Action item
Copy, word for word, the lines of the listing below from the line with "Capa Para iPhone" up to and including the line with "A beautifully crafted". Drop the pictures.

(Records supplied)

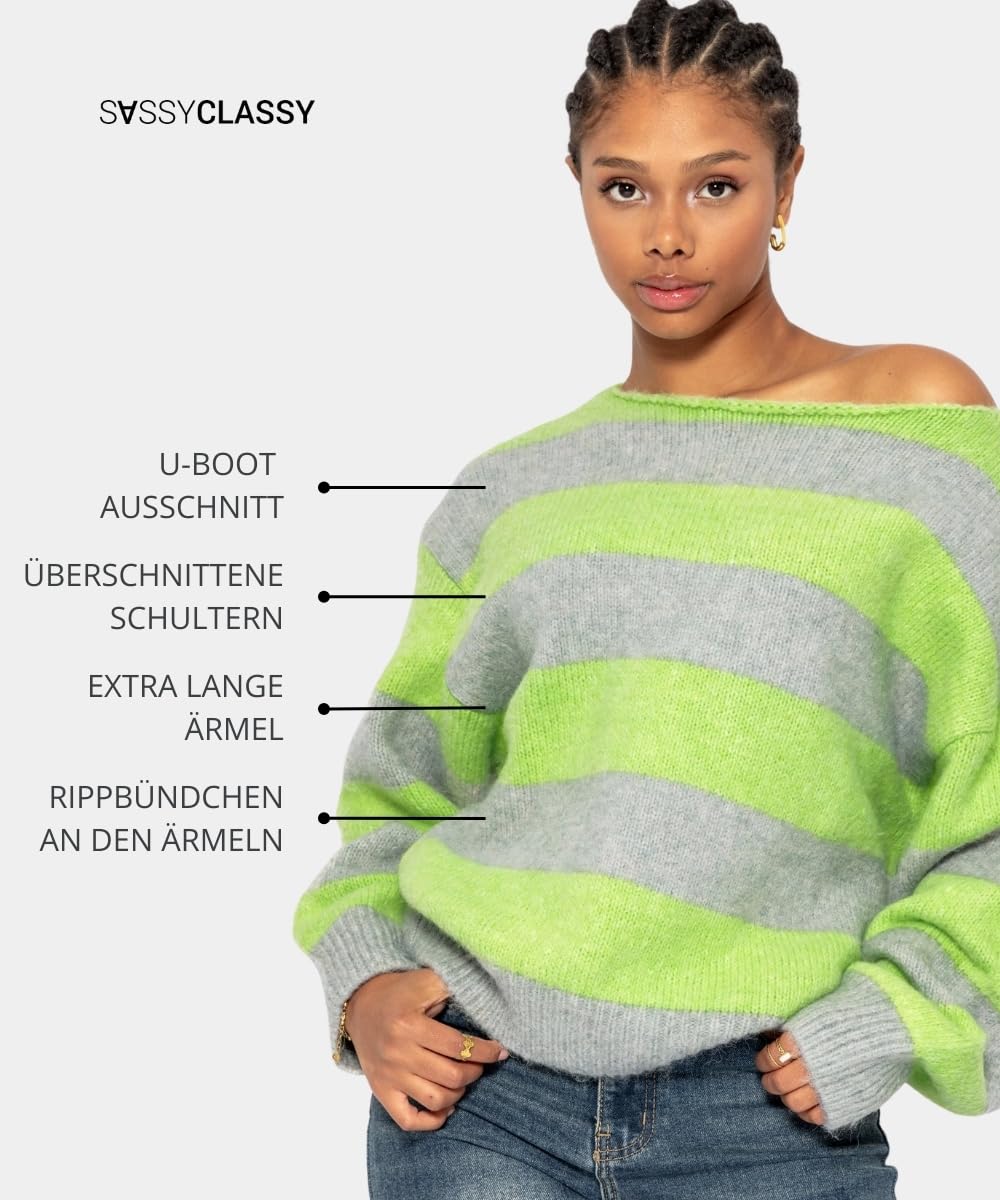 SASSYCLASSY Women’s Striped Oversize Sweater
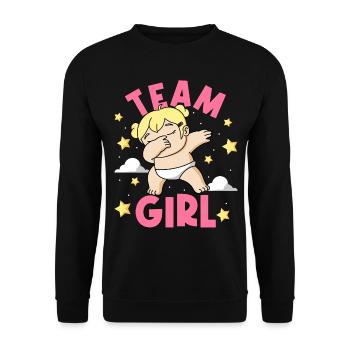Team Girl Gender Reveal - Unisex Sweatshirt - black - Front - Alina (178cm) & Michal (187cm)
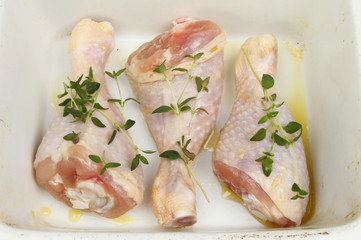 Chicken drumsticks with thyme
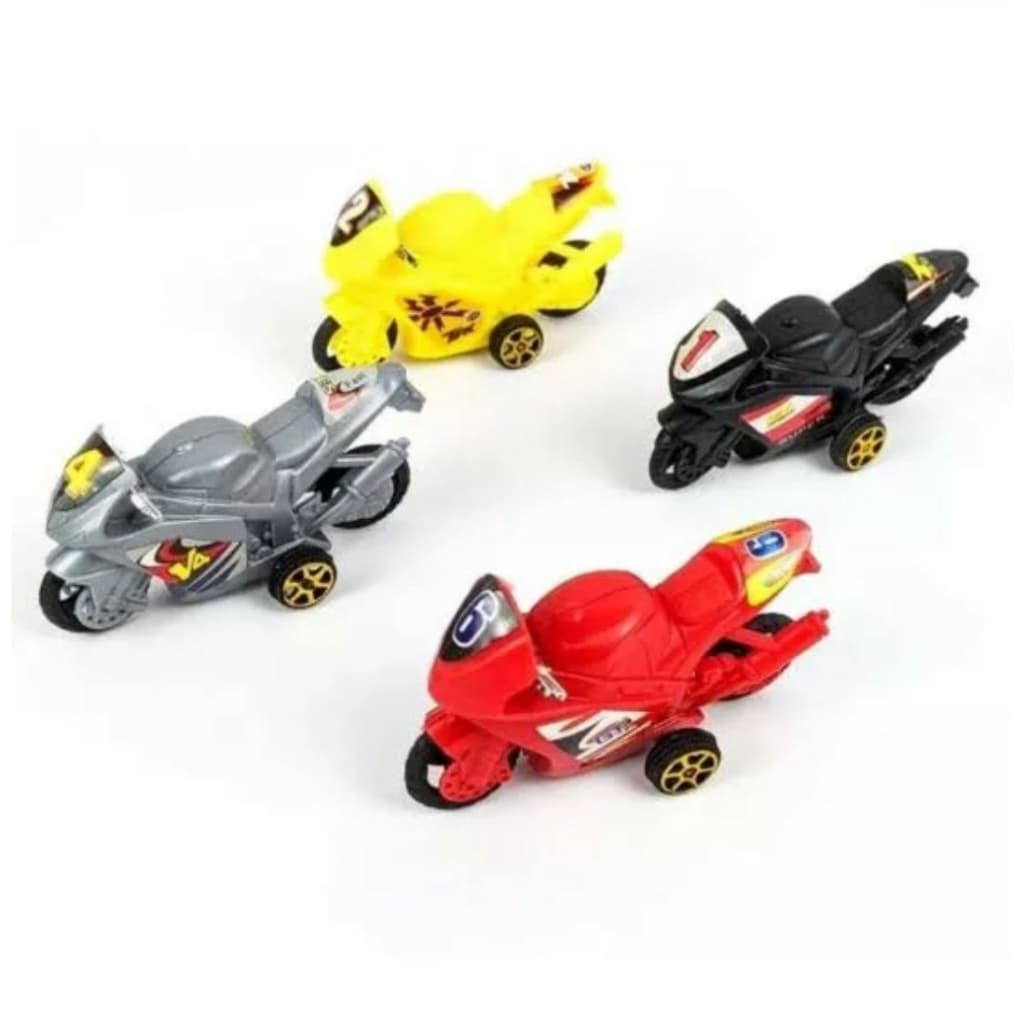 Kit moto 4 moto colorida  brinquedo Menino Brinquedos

(End Records supplied)
(Records supplied)

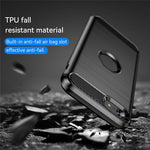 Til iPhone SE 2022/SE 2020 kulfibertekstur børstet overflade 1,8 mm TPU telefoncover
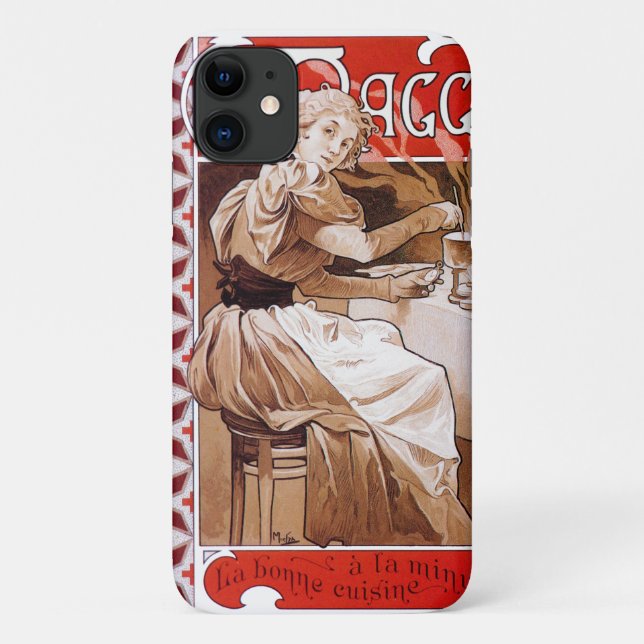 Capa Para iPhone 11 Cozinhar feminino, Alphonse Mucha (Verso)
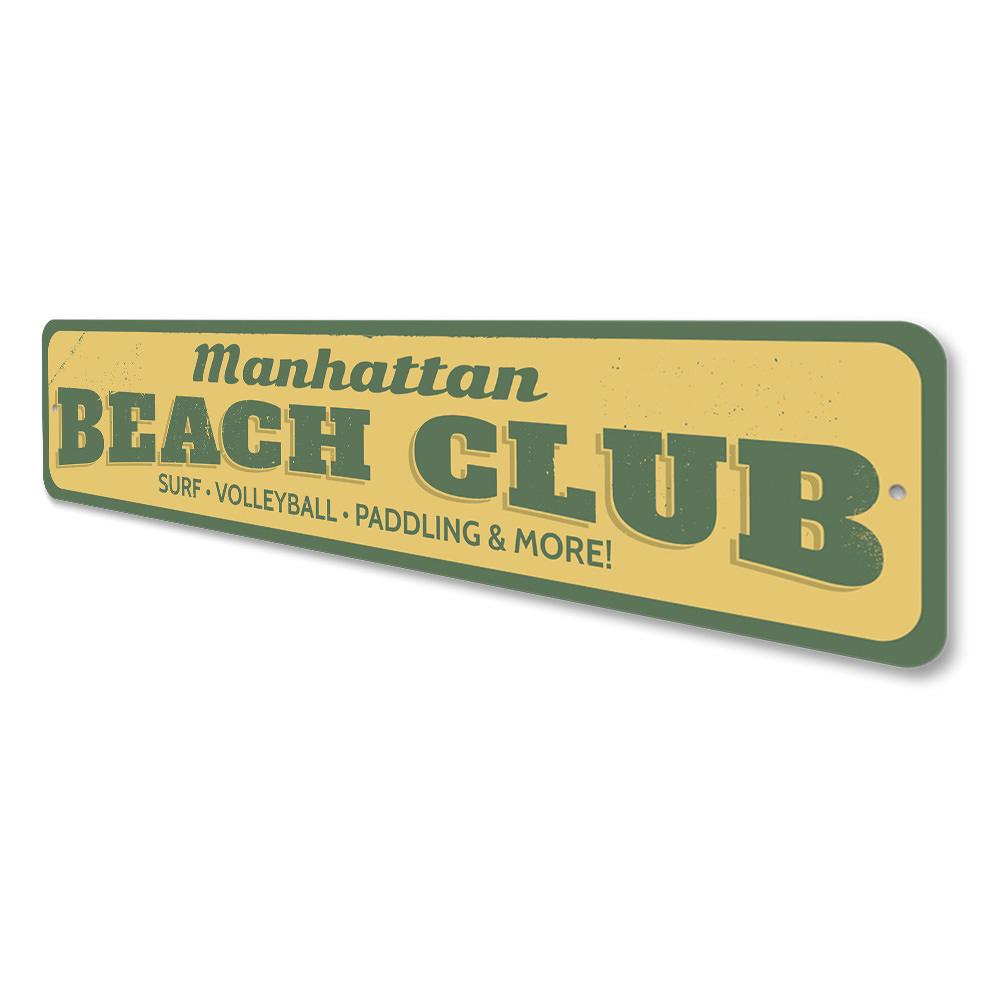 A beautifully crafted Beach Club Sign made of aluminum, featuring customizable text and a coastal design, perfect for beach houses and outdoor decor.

(End Records supplied)
(Records supplied)

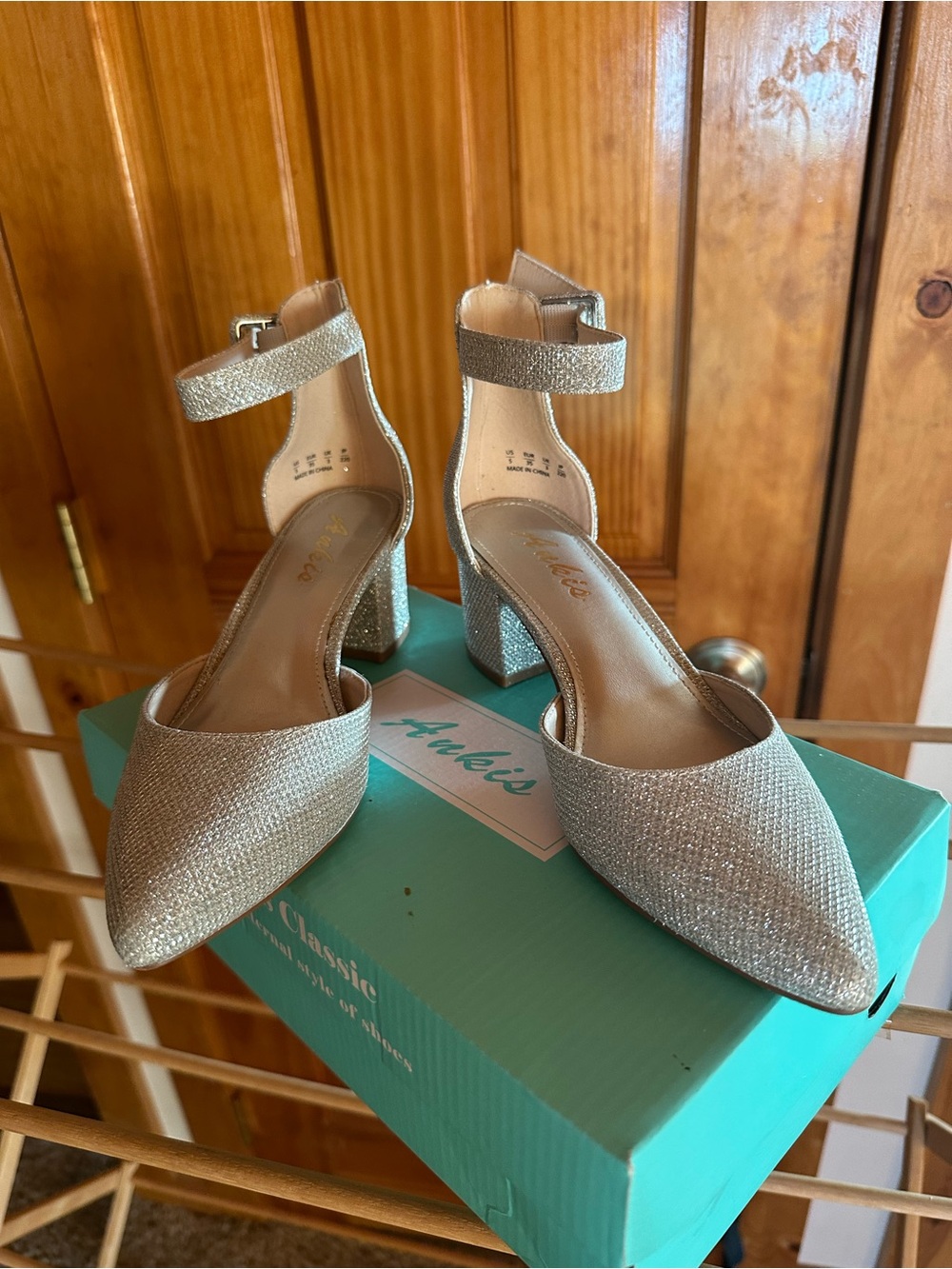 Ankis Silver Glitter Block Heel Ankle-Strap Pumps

(End Records supplied)

Answer space
 Capa Para iPhone 11 Cozinhar feminino, Alphonse Mucha (Verso)
 A beautifully crafted Beach Club Sign made of aluminum, featuring customizable text and a coastal design, perfect for beach houses and outdoor decor.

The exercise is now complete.